**AVAILABLE DATA:**
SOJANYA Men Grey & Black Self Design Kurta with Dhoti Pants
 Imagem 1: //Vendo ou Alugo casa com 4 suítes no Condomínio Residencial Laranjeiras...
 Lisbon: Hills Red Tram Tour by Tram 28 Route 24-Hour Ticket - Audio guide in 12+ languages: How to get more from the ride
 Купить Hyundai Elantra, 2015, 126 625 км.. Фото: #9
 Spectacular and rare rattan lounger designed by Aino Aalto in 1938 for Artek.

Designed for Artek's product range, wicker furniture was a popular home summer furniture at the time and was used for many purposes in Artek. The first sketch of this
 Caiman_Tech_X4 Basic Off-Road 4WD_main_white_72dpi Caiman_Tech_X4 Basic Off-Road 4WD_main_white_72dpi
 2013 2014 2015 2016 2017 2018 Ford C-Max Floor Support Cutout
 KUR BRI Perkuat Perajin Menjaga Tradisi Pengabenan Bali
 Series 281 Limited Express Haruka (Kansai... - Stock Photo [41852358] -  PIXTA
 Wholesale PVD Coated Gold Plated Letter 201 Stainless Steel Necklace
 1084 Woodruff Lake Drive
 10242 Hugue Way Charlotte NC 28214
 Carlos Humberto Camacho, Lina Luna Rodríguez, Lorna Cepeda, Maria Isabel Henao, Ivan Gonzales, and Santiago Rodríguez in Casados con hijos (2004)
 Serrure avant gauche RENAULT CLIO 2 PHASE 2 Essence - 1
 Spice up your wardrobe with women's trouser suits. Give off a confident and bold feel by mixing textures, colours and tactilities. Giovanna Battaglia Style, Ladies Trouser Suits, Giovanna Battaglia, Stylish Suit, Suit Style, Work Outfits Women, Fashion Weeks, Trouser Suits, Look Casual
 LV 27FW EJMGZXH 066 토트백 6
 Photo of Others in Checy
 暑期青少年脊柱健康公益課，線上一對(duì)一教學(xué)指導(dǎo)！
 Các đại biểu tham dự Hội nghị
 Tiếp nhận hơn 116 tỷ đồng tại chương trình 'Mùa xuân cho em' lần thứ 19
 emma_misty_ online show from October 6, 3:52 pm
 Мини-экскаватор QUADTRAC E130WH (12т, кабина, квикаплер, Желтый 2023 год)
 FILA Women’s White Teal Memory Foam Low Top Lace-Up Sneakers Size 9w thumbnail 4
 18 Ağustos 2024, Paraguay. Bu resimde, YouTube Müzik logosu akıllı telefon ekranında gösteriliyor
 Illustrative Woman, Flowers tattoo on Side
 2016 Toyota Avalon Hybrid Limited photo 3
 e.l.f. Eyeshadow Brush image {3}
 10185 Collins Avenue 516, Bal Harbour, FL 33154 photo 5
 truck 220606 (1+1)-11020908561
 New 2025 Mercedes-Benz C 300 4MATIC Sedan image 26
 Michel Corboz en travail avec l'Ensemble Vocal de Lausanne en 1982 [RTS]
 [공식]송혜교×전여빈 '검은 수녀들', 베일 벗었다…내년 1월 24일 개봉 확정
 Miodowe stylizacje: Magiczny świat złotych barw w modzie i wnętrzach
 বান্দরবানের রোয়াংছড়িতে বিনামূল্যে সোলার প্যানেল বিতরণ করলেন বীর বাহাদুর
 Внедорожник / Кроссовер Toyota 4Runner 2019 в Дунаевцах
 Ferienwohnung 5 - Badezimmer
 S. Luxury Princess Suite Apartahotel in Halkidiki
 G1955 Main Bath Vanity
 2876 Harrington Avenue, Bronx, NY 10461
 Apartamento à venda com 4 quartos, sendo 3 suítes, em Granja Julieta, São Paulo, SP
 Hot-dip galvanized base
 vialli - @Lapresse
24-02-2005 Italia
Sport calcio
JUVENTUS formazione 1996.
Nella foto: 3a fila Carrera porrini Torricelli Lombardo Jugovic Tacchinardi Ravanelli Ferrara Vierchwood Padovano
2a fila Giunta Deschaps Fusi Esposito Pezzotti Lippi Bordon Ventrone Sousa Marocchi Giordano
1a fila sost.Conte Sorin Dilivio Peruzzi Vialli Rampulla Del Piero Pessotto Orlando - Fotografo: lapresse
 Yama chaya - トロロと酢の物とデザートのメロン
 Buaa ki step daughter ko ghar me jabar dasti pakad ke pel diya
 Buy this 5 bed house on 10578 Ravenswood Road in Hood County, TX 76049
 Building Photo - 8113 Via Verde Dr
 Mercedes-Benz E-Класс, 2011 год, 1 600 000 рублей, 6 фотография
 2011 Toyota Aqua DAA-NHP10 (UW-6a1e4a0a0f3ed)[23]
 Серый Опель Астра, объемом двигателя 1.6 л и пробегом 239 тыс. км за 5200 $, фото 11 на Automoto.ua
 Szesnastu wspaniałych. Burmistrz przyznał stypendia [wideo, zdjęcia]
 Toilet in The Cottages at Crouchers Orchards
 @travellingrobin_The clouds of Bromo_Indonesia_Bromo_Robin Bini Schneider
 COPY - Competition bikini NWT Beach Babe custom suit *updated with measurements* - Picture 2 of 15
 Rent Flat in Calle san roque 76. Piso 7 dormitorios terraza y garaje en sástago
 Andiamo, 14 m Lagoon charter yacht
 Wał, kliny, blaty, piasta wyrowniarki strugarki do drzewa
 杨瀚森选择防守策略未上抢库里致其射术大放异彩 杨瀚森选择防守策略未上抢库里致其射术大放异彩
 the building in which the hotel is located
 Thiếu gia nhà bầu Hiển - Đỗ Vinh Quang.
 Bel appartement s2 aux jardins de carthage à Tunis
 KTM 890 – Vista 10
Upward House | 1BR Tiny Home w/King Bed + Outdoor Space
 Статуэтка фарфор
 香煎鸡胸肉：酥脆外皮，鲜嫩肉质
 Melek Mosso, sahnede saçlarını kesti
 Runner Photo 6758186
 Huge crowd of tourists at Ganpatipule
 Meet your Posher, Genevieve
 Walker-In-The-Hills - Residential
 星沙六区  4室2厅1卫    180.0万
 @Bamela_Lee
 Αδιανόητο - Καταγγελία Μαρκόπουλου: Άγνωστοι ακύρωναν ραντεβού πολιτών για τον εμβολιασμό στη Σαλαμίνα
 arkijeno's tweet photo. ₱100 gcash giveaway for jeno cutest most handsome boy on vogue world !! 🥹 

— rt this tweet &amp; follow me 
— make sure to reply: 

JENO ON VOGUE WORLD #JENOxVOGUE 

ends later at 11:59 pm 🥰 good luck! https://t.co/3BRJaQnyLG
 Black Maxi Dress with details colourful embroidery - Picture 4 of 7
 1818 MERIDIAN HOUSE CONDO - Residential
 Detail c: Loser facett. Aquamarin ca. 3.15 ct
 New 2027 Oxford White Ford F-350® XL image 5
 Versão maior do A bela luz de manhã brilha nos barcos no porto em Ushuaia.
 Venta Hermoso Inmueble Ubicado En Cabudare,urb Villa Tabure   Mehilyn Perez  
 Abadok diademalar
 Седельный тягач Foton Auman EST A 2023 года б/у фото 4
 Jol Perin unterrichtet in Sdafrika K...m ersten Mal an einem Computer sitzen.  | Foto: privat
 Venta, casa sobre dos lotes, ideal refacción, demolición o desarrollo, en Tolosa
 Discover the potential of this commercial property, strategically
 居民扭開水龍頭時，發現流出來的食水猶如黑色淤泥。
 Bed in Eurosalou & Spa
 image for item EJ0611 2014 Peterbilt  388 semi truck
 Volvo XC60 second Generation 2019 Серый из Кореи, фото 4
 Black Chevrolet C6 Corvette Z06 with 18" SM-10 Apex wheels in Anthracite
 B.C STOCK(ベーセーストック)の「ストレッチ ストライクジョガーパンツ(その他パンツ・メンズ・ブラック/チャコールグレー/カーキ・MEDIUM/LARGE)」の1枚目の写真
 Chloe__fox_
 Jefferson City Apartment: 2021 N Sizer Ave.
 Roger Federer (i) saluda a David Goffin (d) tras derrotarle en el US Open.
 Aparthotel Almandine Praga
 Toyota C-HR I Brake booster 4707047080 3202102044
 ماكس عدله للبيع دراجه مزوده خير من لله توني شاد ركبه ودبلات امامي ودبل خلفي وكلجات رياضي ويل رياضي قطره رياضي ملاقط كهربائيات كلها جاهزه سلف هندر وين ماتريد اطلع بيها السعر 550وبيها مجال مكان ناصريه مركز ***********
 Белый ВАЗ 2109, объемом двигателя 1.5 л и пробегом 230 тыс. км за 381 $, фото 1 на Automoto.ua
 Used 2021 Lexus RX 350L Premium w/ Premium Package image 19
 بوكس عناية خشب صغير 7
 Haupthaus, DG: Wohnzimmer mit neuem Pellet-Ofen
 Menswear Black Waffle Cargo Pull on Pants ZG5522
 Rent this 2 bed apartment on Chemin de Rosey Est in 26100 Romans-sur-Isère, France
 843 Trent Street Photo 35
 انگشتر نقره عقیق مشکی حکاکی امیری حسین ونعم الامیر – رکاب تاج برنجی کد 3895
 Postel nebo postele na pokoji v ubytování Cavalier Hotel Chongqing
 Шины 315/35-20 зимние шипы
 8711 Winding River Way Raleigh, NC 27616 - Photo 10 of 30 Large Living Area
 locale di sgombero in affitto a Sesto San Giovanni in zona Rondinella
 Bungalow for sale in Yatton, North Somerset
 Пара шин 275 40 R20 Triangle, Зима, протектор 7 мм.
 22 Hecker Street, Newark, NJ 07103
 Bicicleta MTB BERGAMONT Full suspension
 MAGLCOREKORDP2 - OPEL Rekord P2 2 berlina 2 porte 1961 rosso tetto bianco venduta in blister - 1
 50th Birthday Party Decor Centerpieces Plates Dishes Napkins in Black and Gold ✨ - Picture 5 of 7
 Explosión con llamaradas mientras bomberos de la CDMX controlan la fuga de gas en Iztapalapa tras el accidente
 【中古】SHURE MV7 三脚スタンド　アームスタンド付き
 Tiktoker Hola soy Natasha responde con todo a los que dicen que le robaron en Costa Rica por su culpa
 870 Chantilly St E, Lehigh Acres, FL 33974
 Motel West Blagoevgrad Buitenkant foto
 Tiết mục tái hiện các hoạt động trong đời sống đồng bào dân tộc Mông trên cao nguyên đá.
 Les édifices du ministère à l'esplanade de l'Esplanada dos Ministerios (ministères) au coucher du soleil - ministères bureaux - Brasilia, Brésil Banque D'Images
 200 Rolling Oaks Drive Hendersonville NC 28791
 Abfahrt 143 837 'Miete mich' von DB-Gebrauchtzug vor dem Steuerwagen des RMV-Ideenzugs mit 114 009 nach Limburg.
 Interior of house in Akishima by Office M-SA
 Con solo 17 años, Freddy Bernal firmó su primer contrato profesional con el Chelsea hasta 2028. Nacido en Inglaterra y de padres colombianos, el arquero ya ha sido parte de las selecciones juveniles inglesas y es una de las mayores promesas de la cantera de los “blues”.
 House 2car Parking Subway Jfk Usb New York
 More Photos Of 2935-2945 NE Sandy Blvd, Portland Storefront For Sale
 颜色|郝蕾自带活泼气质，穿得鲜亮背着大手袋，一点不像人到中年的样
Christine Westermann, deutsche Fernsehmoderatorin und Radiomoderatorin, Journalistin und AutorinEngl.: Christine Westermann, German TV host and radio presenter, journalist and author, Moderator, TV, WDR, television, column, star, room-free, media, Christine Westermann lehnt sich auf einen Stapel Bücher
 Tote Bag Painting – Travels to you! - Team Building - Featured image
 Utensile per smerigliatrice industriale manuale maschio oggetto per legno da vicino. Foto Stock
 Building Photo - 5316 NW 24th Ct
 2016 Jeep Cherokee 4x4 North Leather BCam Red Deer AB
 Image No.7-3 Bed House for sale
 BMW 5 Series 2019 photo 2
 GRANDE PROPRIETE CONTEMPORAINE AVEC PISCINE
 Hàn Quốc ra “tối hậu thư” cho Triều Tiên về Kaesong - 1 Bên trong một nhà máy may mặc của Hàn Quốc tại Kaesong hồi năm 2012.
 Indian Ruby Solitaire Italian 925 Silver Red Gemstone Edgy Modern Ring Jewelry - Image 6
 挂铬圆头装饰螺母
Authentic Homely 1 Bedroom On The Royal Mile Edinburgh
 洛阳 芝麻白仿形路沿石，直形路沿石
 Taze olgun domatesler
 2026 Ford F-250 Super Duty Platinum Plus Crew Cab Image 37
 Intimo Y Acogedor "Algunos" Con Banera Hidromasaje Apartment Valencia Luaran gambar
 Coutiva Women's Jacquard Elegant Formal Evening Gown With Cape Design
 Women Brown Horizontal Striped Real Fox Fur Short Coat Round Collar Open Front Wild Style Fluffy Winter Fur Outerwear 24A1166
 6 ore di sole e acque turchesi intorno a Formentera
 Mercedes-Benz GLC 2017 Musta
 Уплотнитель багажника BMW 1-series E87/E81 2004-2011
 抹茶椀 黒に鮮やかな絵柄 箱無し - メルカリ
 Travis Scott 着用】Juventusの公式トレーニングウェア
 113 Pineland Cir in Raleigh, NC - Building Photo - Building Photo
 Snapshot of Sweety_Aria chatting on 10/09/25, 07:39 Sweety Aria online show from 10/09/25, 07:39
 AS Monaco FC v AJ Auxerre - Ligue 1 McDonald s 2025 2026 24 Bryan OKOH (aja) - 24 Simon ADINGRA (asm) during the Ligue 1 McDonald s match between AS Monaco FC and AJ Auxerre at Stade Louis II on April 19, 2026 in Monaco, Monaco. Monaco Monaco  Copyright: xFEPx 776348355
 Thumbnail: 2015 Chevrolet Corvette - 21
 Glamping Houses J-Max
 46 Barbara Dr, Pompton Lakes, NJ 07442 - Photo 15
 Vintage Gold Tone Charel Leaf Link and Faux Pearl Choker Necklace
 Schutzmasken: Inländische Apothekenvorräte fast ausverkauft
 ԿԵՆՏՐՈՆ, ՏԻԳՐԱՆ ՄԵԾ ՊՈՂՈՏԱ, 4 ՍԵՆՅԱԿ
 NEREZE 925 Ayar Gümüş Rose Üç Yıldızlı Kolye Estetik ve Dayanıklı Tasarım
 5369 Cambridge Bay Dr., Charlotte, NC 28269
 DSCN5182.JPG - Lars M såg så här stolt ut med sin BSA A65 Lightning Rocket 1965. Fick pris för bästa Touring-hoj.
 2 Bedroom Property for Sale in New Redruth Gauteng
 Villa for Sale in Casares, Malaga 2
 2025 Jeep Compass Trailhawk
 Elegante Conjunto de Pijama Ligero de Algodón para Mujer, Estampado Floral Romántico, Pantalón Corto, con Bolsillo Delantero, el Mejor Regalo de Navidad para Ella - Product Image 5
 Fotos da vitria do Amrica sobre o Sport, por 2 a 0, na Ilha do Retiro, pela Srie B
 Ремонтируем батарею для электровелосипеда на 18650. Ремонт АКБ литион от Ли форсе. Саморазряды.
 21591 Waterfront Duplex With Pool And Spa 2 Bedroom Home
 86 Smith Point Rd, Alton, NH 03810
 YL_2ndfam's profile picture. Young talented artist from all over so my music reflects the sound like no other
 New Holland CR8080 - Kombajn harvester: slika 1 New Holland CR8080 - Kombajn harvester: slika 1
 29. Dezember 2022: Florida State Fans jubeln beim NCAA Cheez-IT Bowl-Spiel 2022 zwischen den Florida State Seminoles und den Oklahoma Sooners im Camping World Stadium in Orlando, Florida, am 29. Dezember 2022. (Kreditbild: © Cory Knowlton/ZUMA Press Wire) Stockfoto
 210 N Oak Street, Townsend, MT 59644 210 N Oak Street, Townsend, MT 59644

**PROBLEM DETAILS:**
Where does the word "Hills" show up in the material? Copy out each line that has it.

**EXERCISE OUTPUT:**
 Lisbon: Hills Red Tram Tour by Tram 28 Route 24-Hour Ticket - Audio guide in 12+ languages: How to get more from the ride
 Walker-In-The-Hills - Residential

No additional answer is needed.